Introduction: In the depth of the Great Depression, the March 1933 issue of Survey Midmonthly carried the first in a series of columns that would continue for a decade. The subject of the columns — Amelia Bailey — “Miss Bailey” to most people — was a 1930s-style virtual-reality public relief supervisor. She existed on paper only, created at the typewriter of Gertrude Springer, an associate editor at the Survey magazine in New York City. In what became a popular monthly column, Miss Bailey listened to and advised the inexperienced social workers faced with coping with the Depression’s desperate unemployed relief applicants. “Miss Baily Says…” columns dealt with issues such as: “When Your Client Has a Car,” “Are Relief Workers Policemen?,” “How We Behave in Other People’s Houses.” She gave common-sense advice to questions such as what to do when the relief worker observes situations such as bootlegging, clients with a bank account, a family on relief seen attending a movie, the daughter of a family on relief sporting a new permanent wave.  Below is one of her columns.

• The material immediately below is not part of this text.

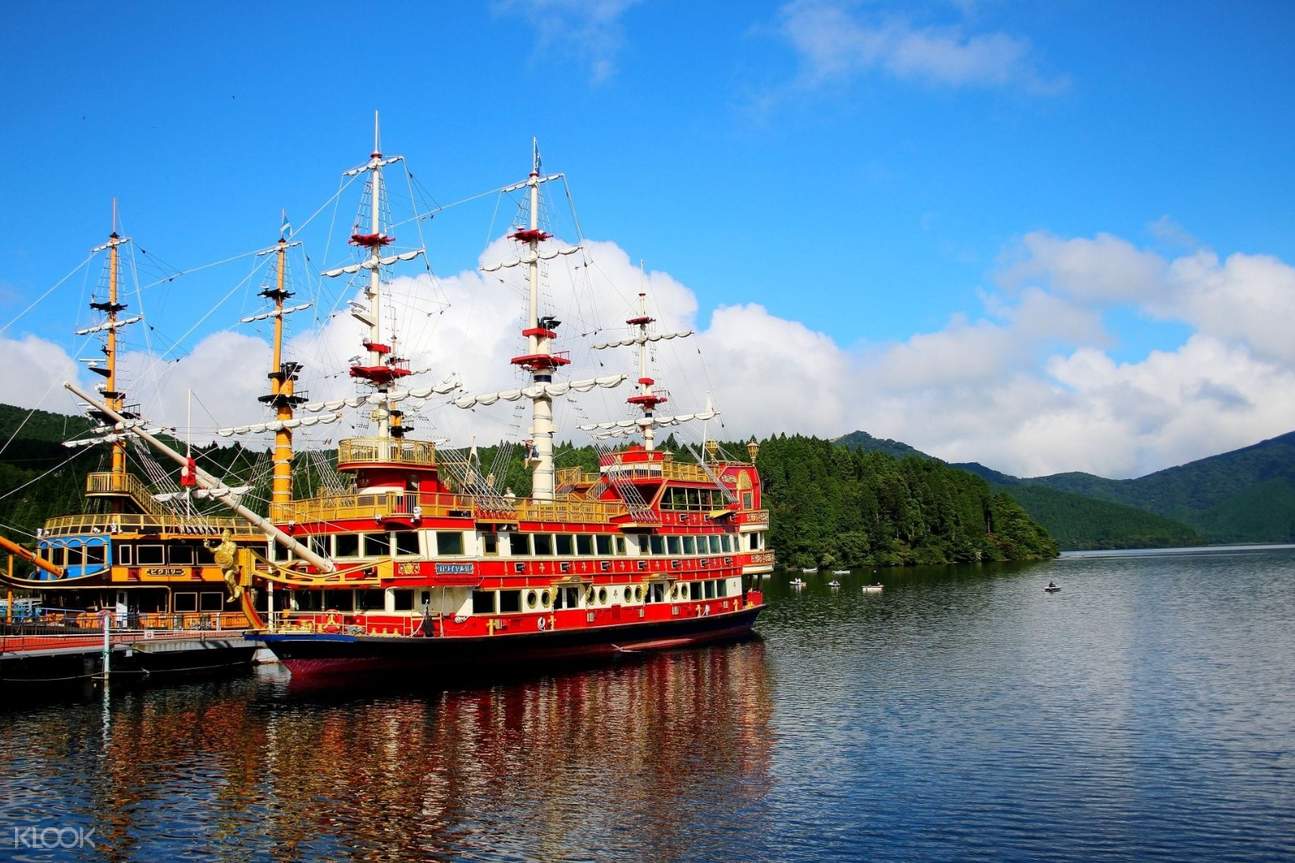 https://mdw-travel-data-us-east-1.s3.amazonaws.com/img/country/Japan/Hakone-Pirate-Ship/img_01.jpg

Gertrude Springer, author, 
Survey Midmonthly, October 1933, pp. pp. 347-348

Families with bank accounts, families with cars, families never before touched by social agencies, now figure large in the “relief population” of these United States. How the new problems they bring, rarely encountered by case workers of a few years ago, are being treated, how workers without extensive training are being prepapred to meet situations calling for quick and discriminating judgment, are the subjects of a series of Survey articles, of which this is the eighth, drawn from day-to-day experience in busy relief offices.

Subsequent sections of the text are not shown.